By Raymond Zhou ( China Daily ) Updated: 2007-04-20 16:12:02
I occasionally appear as a guest on a national television show called Today's Movies and TV. The producer usually partners me with a beautiful lady and we chat about the latest releases, a la Roger Ebert.

When Tian Huiqun came on the show, I was awe-struck. Here was an elegant young lady who would expound a movie in such an intelligent and articulate way that, had I not been sitting next to her, I'd have believed she was reading from a prompter.

Actually, if had I read a text myself have written, I wouldn't be so fluent. Then, I have never been known for my loquacity. The first time I hosted a forum at Shanghai Film Festival, with Ang Lee and Feng Xiaogang among the guests, I did such an awful job that I became the butt of jokes in the press coverage. Now you understand why I envy oratory skill.
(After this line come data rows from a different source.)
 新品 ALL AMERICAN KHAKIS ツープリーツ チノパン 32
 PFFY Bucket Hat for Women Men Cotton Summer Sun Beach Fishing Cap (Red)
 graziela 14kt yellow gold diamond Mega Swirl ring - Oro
Many people who are good writers are lousy speakers. Someone told me Han Han yes, the charismatic and combative author with a huge legion of adoring fans stutters when he talks. That's why he rarely makes television appearances.
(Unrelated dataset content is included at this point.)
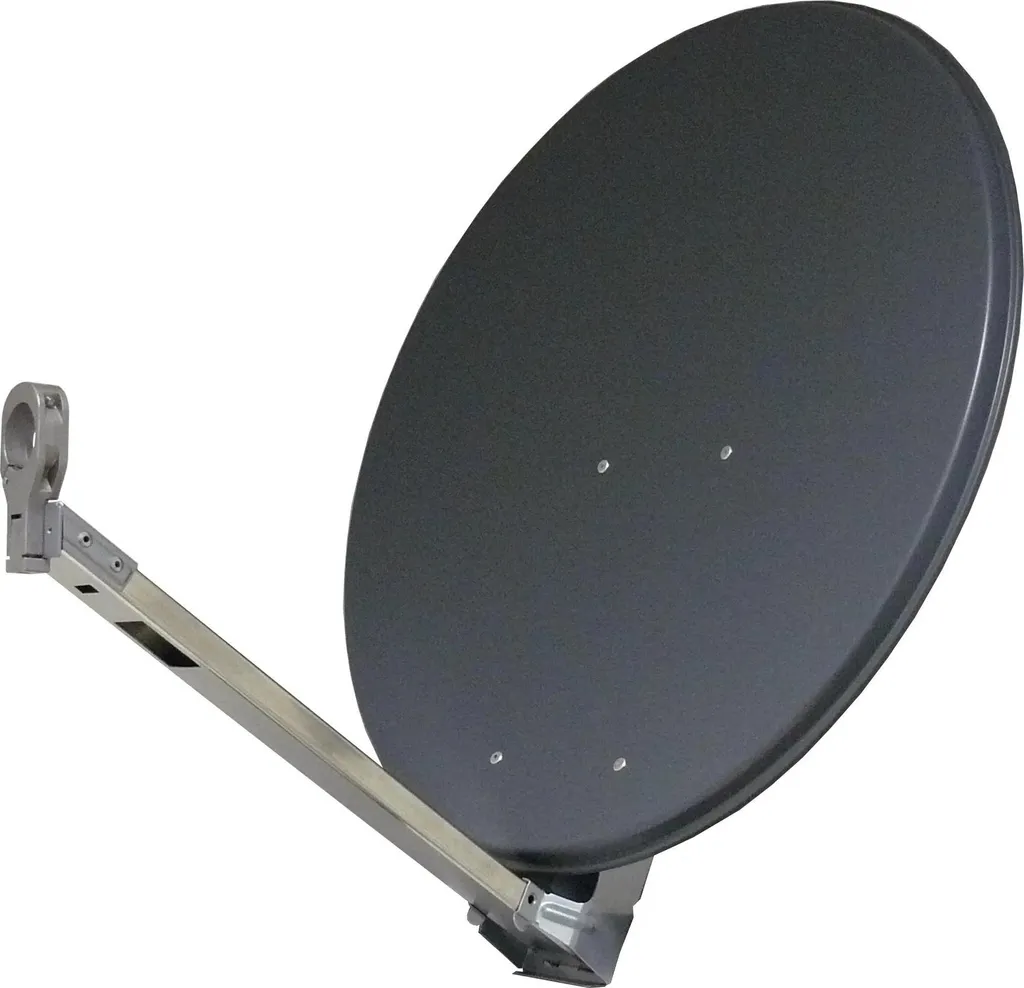 Antenne satellite Televes Alu 67x71cm Classic-Line robuste gris RAL 7011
I'm not vouching truthfulness here, but it certainly makes me feel better about myself. (I'm sure one of his fans is going to assassinate me next week. So, please don't translate this column into Chinese.)
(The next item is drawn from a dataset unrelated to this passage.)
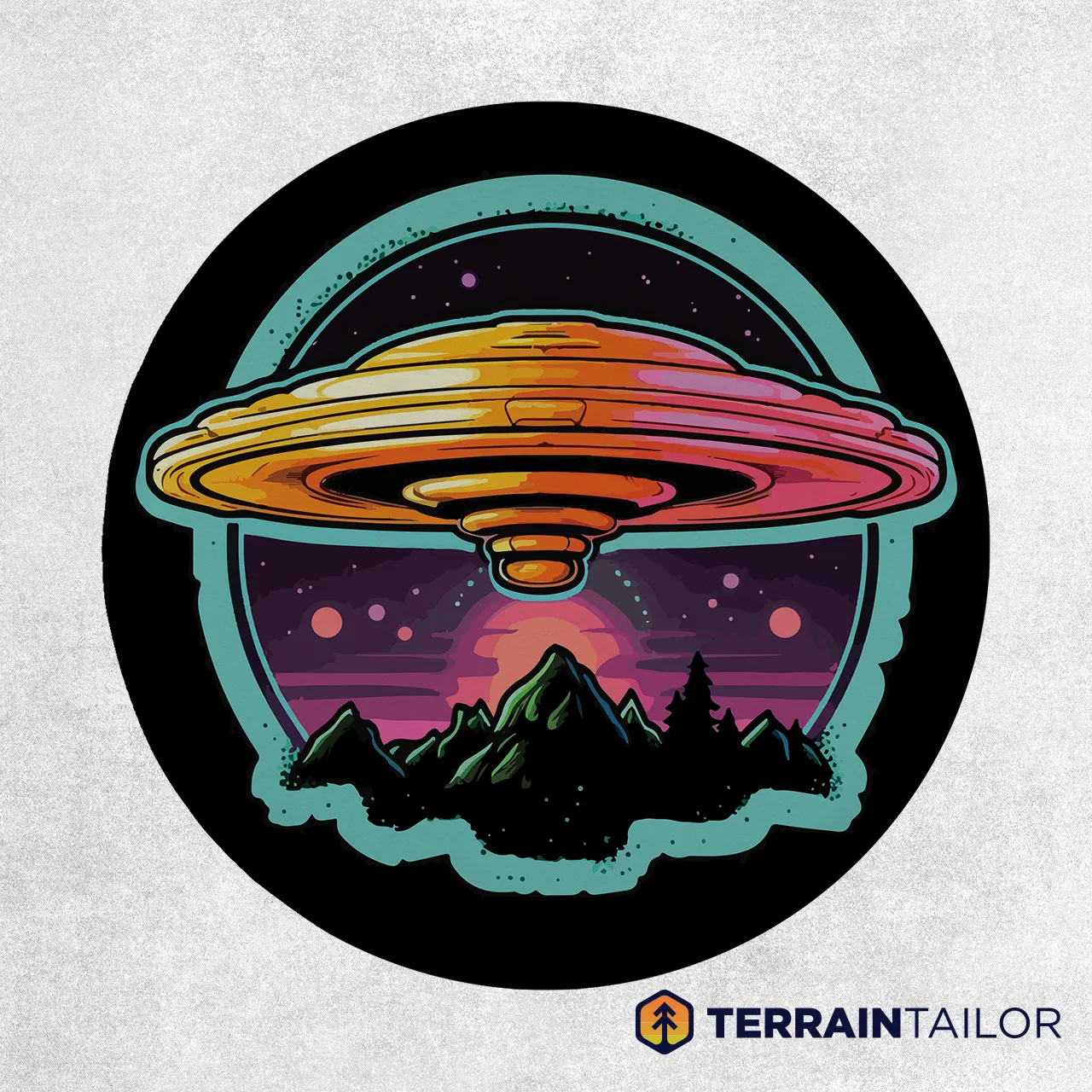 UFO Mountain Spare Tire Cover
The Chinese language does not leave much room for afterthought. It normally places adjectives and adverbs before the words they modify. That means I have to come up with a complete sentence before uttering it. I would be a better speaker in English, if I get the chance. I can always resort to what Diderot called "staircase wit" by adding the flourish after the basic framework of a sentence is blurted out.

Then I found out I'm not an out-and-out geek who channels all his yackety-yak into written words. I can carry on a speech or conversation under certain circumstances, for example, in front of some people and in a select group, or when I was 20. I can't explain why. There must be some psychological reason to it.

I've known people who suffer the opposite disorder: Their degree of volubility increases with the size of the audience. A regular classroom? Regular delivery. A stadium-sized audience? He would be on cloud nine.

A friend of mine in San Francisco used to host large meetings in public places. She would control the crowd as if flipping over her palm, as the Chinese would say. But such functions don't happen often. So, she got a talk show on local TV, but she can hardly manage three guests. Like most media celebrities in the ethnic community, she has a day job.

"You don't need to sell life insurance," I advised her. "You need to start your own religion."

Back to Tian Huiqun and the movie talk show. She is a colleague of Yu Dan, whose television lectures of Confucian wisdom made her one of the wealthiest scholars in the nation. I told Tian's husband: "Don't you know you have got a goldmine at home? Get her a good show laugh your way to the bank."